I have a few issues with Clausewitz’s domination of military thought:
1. Is Clausewitz all there is? To go back to my “politics is politics” analogy, how many political theorists are there? One could argue Machievelli dominates the field, but not more than Hobbes, Locke, Voltaire and Rousseau, not to mention the ancients like Plato, Aristotle, and the Christian scholars of the Middle Ages. But military strategy has, in the terms of Professor Grey, only three: Clausewitz, Thucydides and Sun Tzu. I think one of the reasons the nature of warfare is disputed so frequently is that military theory rests almost primarily on the shoulders of one thinker. No other field or discipline is so narrow.
I appreciate his definition of war, but as the overarching father of all military thought, I don’t love reading him the way I loved reading, for example, the foundational thought in the theory of politics. Frankly, Clausewitz’s writing doesn’t sparkle like the writing of Plato, Machiavelli and Locke, not to mention the writing of our founding fathers.

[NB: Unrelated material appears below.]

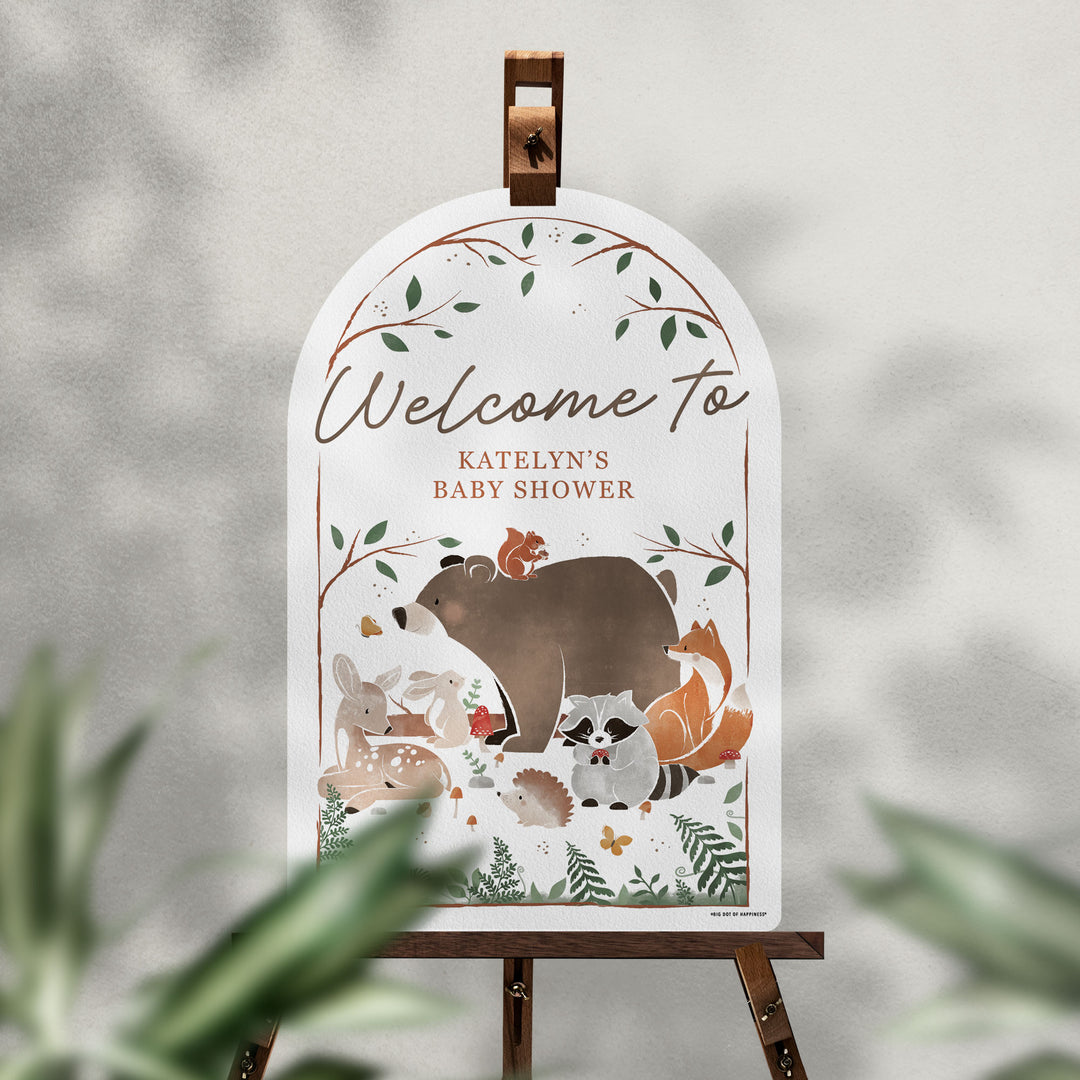 Woodland-themed baby shower welcome sign on an easel with a blurred natural background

2. Clausewitz is on the wrong end of my philosophical spectrum. Now this doesn’t mean conservative or liberal, realist or idealist, it means complicated and verbose. Long ago, I developed my own personal spectrum of philosophy: on one end are Kant and Derrida competing for the claim of the most incomprehensible philosopher, on the other is Plato’s “Crito” and Jesus’ parables, both examples of philosophy that can be read on several levels, but understood without taking a college class. (A friend of mine took a class on Kant at UCLA, and they were only able to work through forty pages. Forty.)
Clausewitz falls over the complicated German philosopher cliff. I mean, his work encompasses several volumes, was never finished, and was written in the Hegelian style--which means frequently you argue a point just to refute it later (thesis, anti-thesis and synthesis).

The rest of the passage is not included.